Loving one’s own people does not imply a diminished regard for the rest of the human race. On the contrary, a man who does not cherish his family and fellow-citizens and national traditions is probably incapable of loving anyone or anything. Here lies the basic fault of all global ideologies—Communism, Socialism, Democratism: they are all based on hatred of the particular, and what begins in hate can never result in love.
How unloving and unlovable the 60’s radicals really were. They mistreated their girlfriends, lived like pigs, and gloated over the destruction they could do, if ever they got into power. More to the point, perhaps, they were deliberately rude to anyone who got in their way or made the mistake of trying to reason with them.
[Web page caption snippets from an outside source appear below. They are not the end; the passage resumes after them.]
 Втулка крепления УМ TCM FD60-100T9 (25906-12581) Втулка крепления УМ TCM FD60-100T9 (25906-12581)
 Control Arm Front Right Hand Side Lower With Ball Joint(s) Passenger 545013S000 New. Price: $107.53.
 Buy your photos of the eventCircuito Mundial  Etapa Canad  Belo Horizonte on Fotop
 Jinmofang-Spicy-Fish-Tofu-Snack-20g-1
Once in the late 60’s I found myself in Los Angeles during an airline strike. My mother had been desperately sending messages up and down the West Coast, informing me that I only had a few days to get back to South Carolina, because I had been drafted. Wearily, I stood in line at the Greyhound terminal and succeeded in catching a bus for El Paso, which was at least vaguely in the right direction. Sitting next to me was a gigantic Marine, just back from Vietnam. Without too much rage, he began describing how the “peace queers” had assaulted him at the airport in language almost identical to Johnny Rambo’s great speech: “Who the hell were they to protest me?” As luck would have it, we were both headed for South Carolina. It was a long ride, catching buses that zigzagged our way across the continent. No matter how many times I changed buses, I couldn’t shake him. He dogged me as persistently as the memory of a bad blind date.
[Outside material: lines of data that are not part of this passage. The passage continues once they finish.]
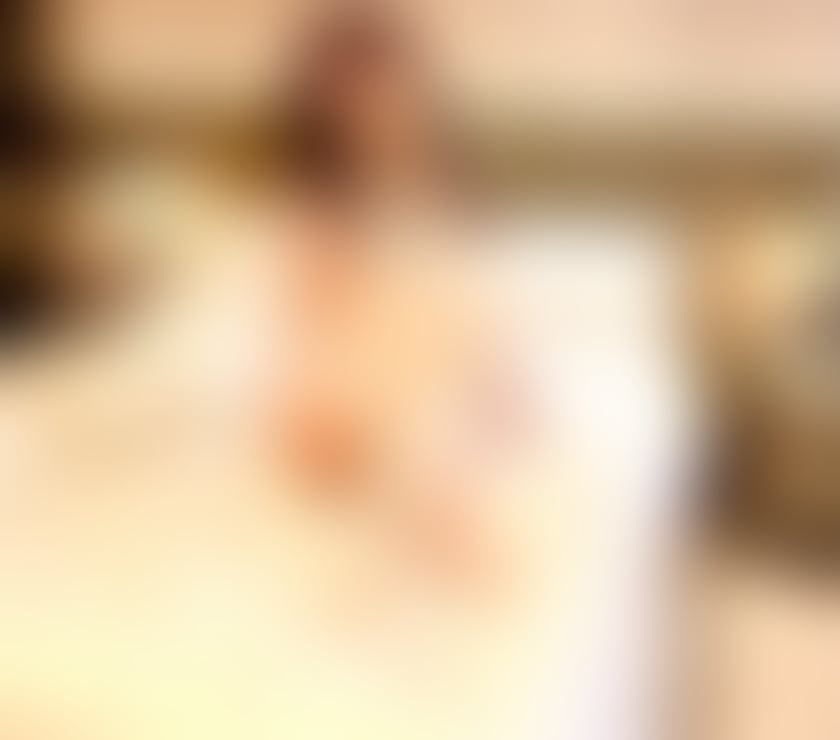 Trans Escorts West Yorkshire Leeds - Photos for Transensual Leeds city outskirts 07311164311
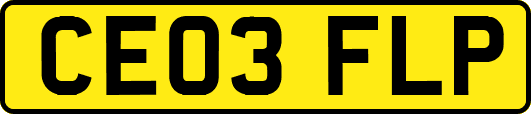 CE03FLP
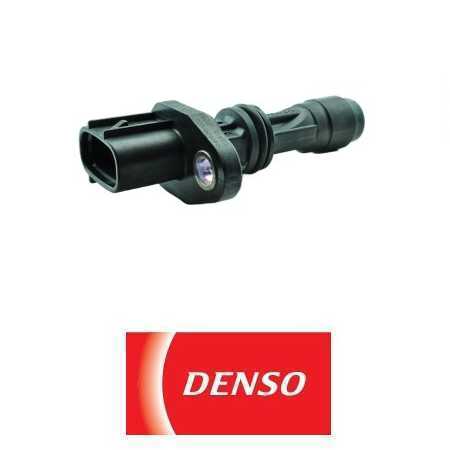 15101 Denso Cam Sensor 196-2013 (Cam-101)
It was not as if we had a great deal in common. “How bout you and me getting some books to read at the next stop?” he asked. When I returned with a light novel (deliberately chosen so as not to avoid the charge of pretension), he couldn’t conceal his disgust and disappointment. When I asked what books he had bought, he proudly showed me a handful of comic books. Among the things of the trip that I recall—eating the best beef barbecue in the world and drinking Mexican beer in a little diner he knew in Dallas, the endless gruesome stories of combat told in a matter-of-fact voice, and his eagerness to go back and start collecting the combat pay again—one incident stands out. It was the first day, and the bus stopped at a crossroads town and a pleasant-looking (not exactly pretty) country girl dressed in gingham got on board. My friend confessed that he knew a girl just like that back in Arkansas and he intended to marry her some day. His reveries were disturbed by loud talk and coarse laughter from the back. He turned around and spotted two “long-hairs,” obviously half-stoned. He barked at them to pipe down, but they kept up their increasingly offensive banter. It was unpleasant, but no worse than what we often hear in public places. “If they don’t quit, I’m going to have to do something.”
I thought he was just sounding off, and when the Marine got off to get a cold drink at the next stop, I thought nothing of it. When I awoke from a short nap, a few miles later, I noticed that the long-hairs were gone. I asked my friend what happened. “Nothing much,” he said, “I just persuaded them to wait for another bus.”
My friend was probably a religious bigot and a xenophobe, but while I and the liberal college students were enjoying ourselves, he was off defending the honor of our country. He knew it was a war designed by the upper classes and fought by the lower classes, but he didn’t resent it. He knew I was a middle-class college student and probably not too different from the “peace queers” that had spit on him, but he didn’t resent that either. For several days, we were together virtually every minute, but he was nothing but kind and scrupulously considerate. He was the sort of decent, tough man our ancestors were, and he is worth more than all the high-minded students and intellectuals whom Richard Daley in his infinite wisdom locked up in a Chicago jail in 1968. However many second or third thoughts they might have, the unrepentant radicals don’t have to apologize to me: they have to apologize to him.